Monday, May 10, 2004

A bun in the oven

Hey everyone my sister is going to have another baby! I thought that was cool so I thought I would share...ok thats all for now.

I still disapprove

Oh by the way I still dont like to sit still for so long as an occupation. Its boring and my legs keep cramping up. Also my ears hurt from answering the phone all the time and I have a wireless headset. Being prior military it was a huge shock to get something that I requested to do my job better. I almost shit my pants when They one upped me with a monitor for my desk too. Yeah so now not only an Effective at my job but my word, meager as it may be, still had some sway. Nice eh? If you never been in the military you might not know what its like to ask for something you desperately need and then not get it but be told to work as if you did.
"Chief I need this program it will make me work 80% faster if I had it"
"Pretend like you have it work 80% faster and if you don't I will put you in jail..."

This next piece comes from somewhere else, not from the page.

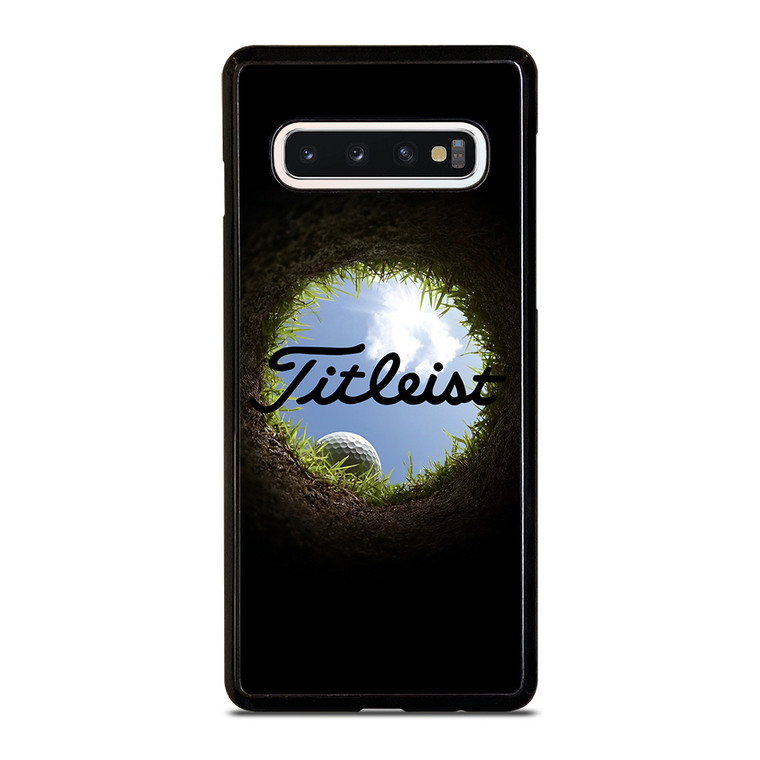 TITLEIST HOLE GOLF Samsung Galaxy S10 Case Cover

no no its really like that. Believe it.
ok I am going to go and dream about going out to eat at a place that serves steak with a pulse over a bed of raw vegetables for a very low price...such a low price I can get the meat with the little change I have in my car.

Bury my head in the sand...

Ok if your reading this then I guess you still want to know what is going on in my sad life. To be honest its not that sad at all. I have the perfect girl who is growing into the most amazing spouse I could ever imagine. If you have ever been in a serious relationship you will know that no woman is a spouse to begin with, they all start out as girls. They have unrealistic ideas and fantasies about marriage and men and how things will be with prince charming. Some of them go off the path to prince charming early with an asshole in high school and some stray off even earlier. I for one found a woman who was less then more tainted by the rigors of stupidity. She had her moments as we all have but she was no where near the lass I was used to courting. If I were to compare her to every other woman she would be about 1000 times more woman in her worst moment then they are all put together at their best. If you met her you might have something bad to say but you most definitely have something good to say as well. I know I may seem like I am building her up and bringing her down a little bit but I am not going to lie about her. She is perfect...For me. She has enough spirit to keep us fighting and enough heart not to tear mine out when I am vulnerable. Lord knows I have had enough of that. She is smart enough to get into any college she applied to but not so smart as to make her cynical of truth because she was taught otherwise. She is an elegant princess when we are in public and a total Minx in the bedroom. I love her more then anything in the world and I would not trade her for all the denises or kellys or roses or donnas or karens or all of them put together. She is my golden crown. I only hope I can keep her.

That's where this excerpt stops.